Obwohl das Kunstfeld inzwischen als eine netzwerkförmige Matrix vielgestaltiger Zusammenschlüsse und Akteurskonstellationen verstanden wird, werden Projekträume als spezielles Phänomen künstlerischer Selbstorganisation bisher zu wenig erforscht.

 

Im Kunstbetrieb der letzten Jahre fand zunehmend eine spezifischere Diskussion dieses Themenfeldes in Form von Tagungen, Festivals und Ausstellungsprojekten statt, die für ein Anwachsen an interdisziplinärem Austausch und Reflexion gesorgt haben, zu denen verstärkt auch VertreterInnen von Projekträumen aufrufen oder eingeladen werden.
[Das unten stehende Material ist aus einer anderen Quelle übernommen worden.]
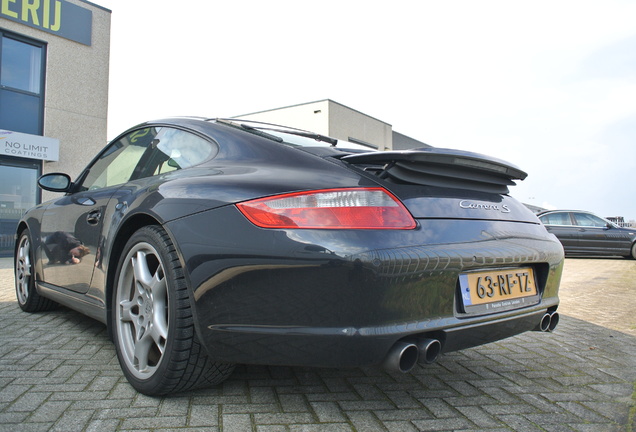 Porsche 997 Carrera S MkI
Ihre Aktualität wird offensichtlich erkannt, in der auf den deutschen Raum fokussierten Forschung werden sie jedoch oft nur als Begleitsymptome oder Indikatoren genannt und sind nur vereinzelt Hauptthema.          

 

Noch seltener tauchen sie in der Kreativwirtschaftsdebatte auf, obgleich ihre dezentrale Arbeitsstrukturen mit dem Fokus auf Teamarbeit und Networking - mehr noch als der allein agierende Künstler - geradezu prototypisch die Kriterien einer „freien, flexiblen und kreativen Vergemeinschaftung“ zu erfüllen scheinen und sie damit ein wichtiges Untersuchungsfeld zur Diskussion um neue selbständige Arbeitsformen abgeben.

 

 

Was bislang fehlt...

 

...ist eine fundierte wissenschaftliche Untersuchung, die die Räume künstlerischer Selbstorganisation mit ihrer sehr speziellen Ausprägung als Hauptthema in den Mittelpunkt rückt und kritisch entlang der benannten Forschungsfragen verortet.

 

Die Arbeit gliedert sich daher wie folgt:

 

Eine sozialwissenschaftliche empirische Erhebung sorgt für eine erste Bestandaufnahme der gegenwärtigen, bisher nicht erfassten Initiativen:

- 70 offene und geschlossene Fragen an 131 Räume 2010-2011

- 700 erhobene Räume samt Standort und Gründungsjahr 2013

Das so gewonnene Datenmaterial wird mit Hilfe einer quantitativ-qualitativen Analyse untersucht und in Bezug auf das Selbstverständnis, die Arbeitsstrukturen und den kulturellen, sozialen wie ökonomischen Stellenwert der befragten Initiativen interpretiert.

 

Eine kunsthistorische Herleitung unterfüttert die Untersuchung, indem sie der Entwicklung von Räumen künstlerischer Selbstorganisation im Laufe des 20. Jahrhunderts nachgeht und damit einen Früher-Heute Vergleich ermöglicht.

 

Mit diesem interdisziplinären Methodendesign leistet das Forschungsvorhaben wissenschaftliche Pionierarbeit und einen besonderen Gewinn für den Diskurs um die sich wandelnden Arbeitsverhältnisse im 21. Jahrhundert.